After all, who can argue with anything to do with helping children? They are attack proof.

Yet we must be careful to discern the difference between helping children and helping those who appear to advocate on their behalf. They are not always the same thing.

A recent Child Health Summit in Ottawa featured a bevy of professional child advocates who plumped for more government involvement on behalf of children. They cheered on Sir Albert Aynsley-Green, the Child Commissioner for England, who unsurprisingly advocated cloning his position in Canada.
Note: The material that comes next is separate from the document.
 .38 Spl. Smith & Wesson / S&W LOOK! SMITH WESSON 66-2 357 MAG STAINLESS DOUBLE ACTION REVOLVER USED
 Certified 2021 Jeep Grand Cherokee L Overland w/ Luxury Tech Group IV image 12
The same conference called for government acceptance of a proposed Child and Youth Health Charter, which sets out the rights of children to “reach their full potential, growing up happy, healthy, confident and secure,” according to a Globe and Mail report.

In the same week, the Senate human rights committee pulled out that hoary chestnut about spanking, once again calling for a legal ban on it along with all forms of capital punishment. The report also backed the appointment of a child commissioner to stand up for what it called the “silenced citizens.”
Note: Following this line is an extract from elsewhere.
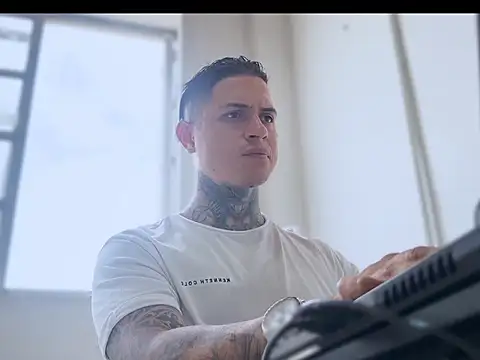 ryderkaneoffic online show from September 11, 2:27 pm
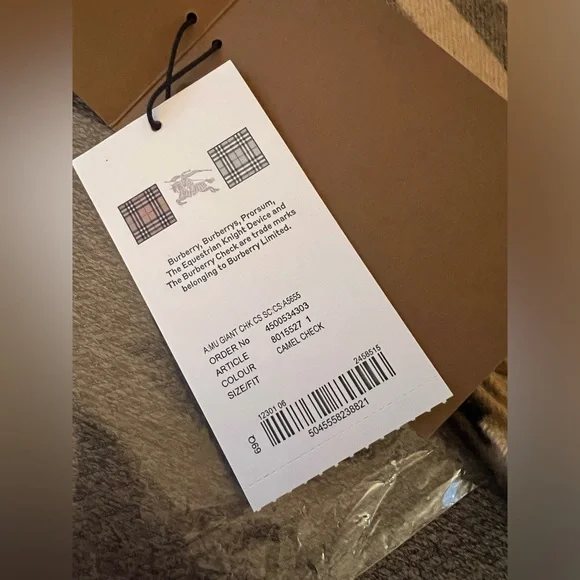 New Burberry check classic cashmere scarf unisex scarf - Picture 12 of 16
Let’s set aside for a moment the fact that government, and most of Canada’s elite opinion makers, condone the ongoing destruction of the country’s most silent citizens — the unborn. Rest assured that no Senate committee is advocating on their behalf. Even beyond that, however, there are reasons to be skeptical about this sudden fondness for children. It’s not that children do not face problems here in Canada. They do. Indicators show that Canada ranks 21 out of 29 in infant mortality in countries in the Organization for Economic Co-operation and Development. We rank 22nd in youth suicide, 19 out of 20 for obesity, 22 out of 26 for child poverty.

The problem is that the proposed solution does little for these problems. With their government-heavy and rights-dominated proposals, the whole tenor of the Senate report and the Child Health Summit proposals appears to make villains out of the real people in need — families.
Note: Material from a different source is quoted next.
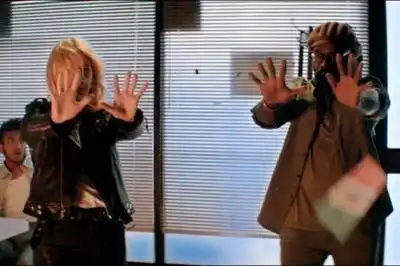 скачать клип Major Lazer - Powerful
Children are not born into societies. They are born into families. Their problems are their families’ problems. Tragically, parents can get themselves into predicaments where they inflict harm on their children. Yet to create a climate of suspicion of parents is to once again attack the very health of families in society.

Instead of a child charter, why not a family charter? Why not have advocates urging governments to pass family friendly policies that support and nourish the development of mature and healthy marriages whose members can raise their children in secure and stable environments? In a contest over who can be trusted more to have children’s welfare at heart, parents beat governments hands down.